By Melissa McEver, The Brownsville Herald, Texas
Jul. 1–Doctors have received a temporary reprieve from a 10.6 percent cut in their Medicare payments that was supposed to go into effect today.
The Centers for Medicare and Medicaid Services, at the request of the Bush administration, will wait 10 days before paying any new Medicare claims, giving Congress a chance to take up the issue of Medicare payments when it resumes session next week.
Reimbursements to doctors for treating Medicare patients are scheduled to decrease automatically under a federal formula that ties doctors’ Medicare payments to the economy.
In recent years, Congress has frozen these cuts to Medicare payments at the last minute. But last week, the U.S. Senate rejected a bill that would have stopped the cuts.
Congress could still freeze those cuts retroactively after today, but regardless, these last-minute actions are only a temporary fix, said Dr.
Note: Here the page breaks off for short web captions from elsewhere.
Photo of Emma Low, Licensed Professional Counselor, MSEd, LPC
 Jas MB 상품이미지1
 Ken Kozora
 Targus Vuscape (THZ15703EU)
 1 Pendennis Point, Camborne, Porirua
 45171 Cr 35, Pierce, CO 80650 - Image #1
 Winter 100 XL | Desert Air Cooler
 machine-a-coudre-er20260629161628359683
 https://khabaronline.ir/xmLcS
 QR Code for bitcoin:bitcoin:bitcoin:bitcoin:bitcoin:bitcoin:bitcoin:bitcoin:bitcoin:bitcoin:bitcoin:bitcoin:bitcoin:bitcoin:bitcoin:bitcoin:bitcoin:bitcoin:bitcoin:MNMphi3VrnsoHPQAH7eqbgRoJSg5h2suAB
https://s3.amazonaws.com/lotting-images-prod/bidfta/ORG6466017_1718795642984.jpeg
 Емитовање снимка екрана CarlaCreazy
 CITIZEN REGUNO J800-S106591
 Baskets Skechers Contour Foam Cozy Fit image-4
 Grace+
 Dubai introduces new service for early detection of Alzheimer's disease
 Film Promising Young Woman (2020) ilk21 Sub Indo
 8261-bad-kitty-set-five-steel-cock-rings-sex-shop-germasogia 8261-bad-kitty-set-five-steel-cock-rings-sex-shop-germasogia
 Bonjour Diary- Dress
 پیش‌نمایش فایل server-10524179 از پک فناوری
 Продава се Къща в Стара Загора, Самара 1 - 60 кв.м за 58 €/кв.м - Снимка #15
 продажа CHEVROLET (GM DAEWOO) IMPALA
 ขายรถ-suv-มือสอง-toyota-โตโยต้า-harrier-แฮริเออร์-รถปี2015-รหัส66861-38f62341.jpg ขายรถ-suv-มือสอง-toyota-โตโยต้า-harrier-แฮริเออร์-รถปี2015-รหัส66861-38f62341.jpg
Linda Villarreal, an Edinburg internist and member of Texas Medical Association’s Legislative Council.
“These are just patches on a bigger problem … which is the archaic (Medicare) formula,” Villarreal said.
The 10-day delay in claims processing will be tough on Rio Grande Valley doctors, who rely heavily on Medicare and Medicaid payments, Villarreal said.
“When they delay payments for 10 days, you’re looking at three to four weeks of no cash flow, and that can be pretty devastating,” she said.
Dr. Lorenzo Pelly, a Brownsville internist, agreed.
“It puts a strain on physicians’ practices,” Pelly said. “And patients don’t wait, vendors don’t wait … we still have to pay our gasoline bills and everything else.”
CMS officials said the delay would help prevent any disruption in reimbursements to doctors if Congress later decides to stop the cuts.
Villarreal said she hoped Congress would take the additional time to think about the effect these sweeping cuts could have on Medicare patients, who might lose access to their doctors if they stop accepting Medicare.
“Maybe they’ll realize what our plight is, and that it’s a question of keeping our offices open,” she said.